暮らしそのもの『国の基本』全103条 <第71条> 政治的空白避ける目的
前二条の場合には、内閣は、あらたに内閣総理大臣が任命されるまで引き続きその職務を行う。
内閣が総辞職してから新しい首相が任命されるまでの間に、一国のトップ不在という政治的空白を生じさせないための条文。
(中略)
「前二条の場合」を復習すると、(1)衆院で不信任決議案を可決するか、信任決議案を否決し、十日以内に衆院を解散しないとき(2)首相が欠けたとき(3)衆院選後に国会が召集されたとき−の三パターン。
(中略)
総辞職が決まれば、内閣は求心力を完全に失い、「死に体」となる。ところで、その「死に体内閣」が、最後に一花咲かせようとして新たな政策を打ち出したり、やけっぱちで衆院を解散したりできるのだろうか。

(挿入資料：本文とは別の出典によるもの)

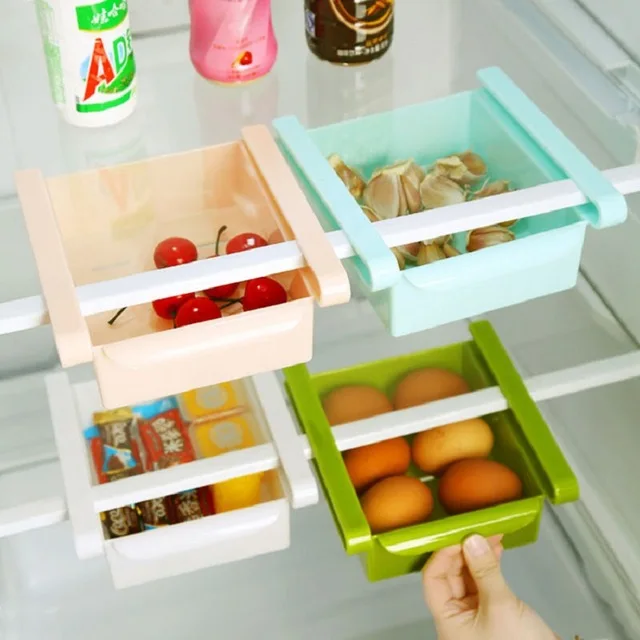 Slide Kitchen Fridge Freezer Space Saver Layer Under Shelf Holder Storage Rackn Storage Holder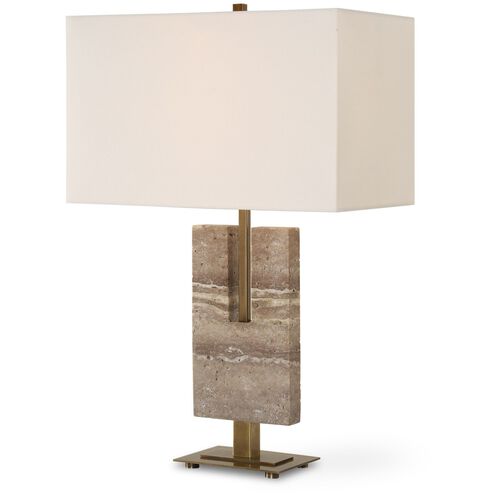 Turning Point 26 inch 150.00 watt Travertine and Brushed Antique Brass Table Lamp Portable Light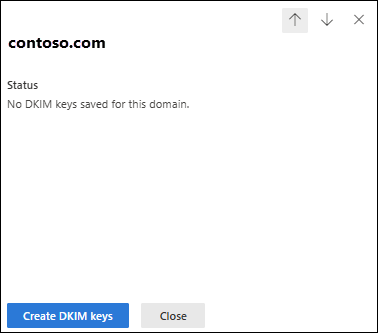 Microsoft Defender custom-domain DKIM flyout with the No DKIM keys status and Create DKIM keys control.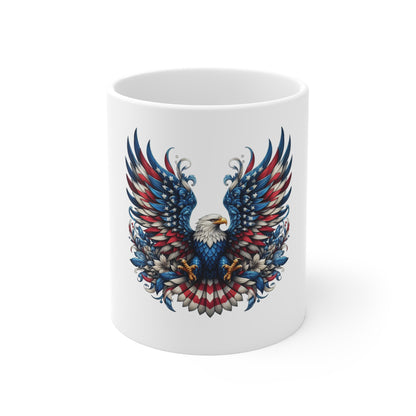 Patriotic Eagle Coffee Mug — American Flag Bald Eagle 11oz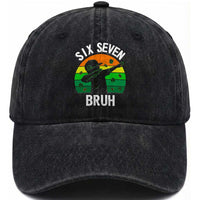 67 Bruh St Patricks Day Washed Cotton Baseball Cap Funny Six Seven Boys Kids Dabbing Meme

学説では、「総辞職が決まった内閣は国民に責任を取ることができないので、職務は行政の継続性を確保するための日常的な事務に限られる」と解釈されている。ただ、憲法や関連法でもこのような条文はないので、今後、議論が生まれる可能性はある。
(後略)
たいていの場合、「一花咲かせてやろう」なんて覚悟のあるのはいなかったからいいようなものの、今後は何だか、すくなくとも関連法案なりでキチンと穴埋めしておいた方がいいような気がするなぁ。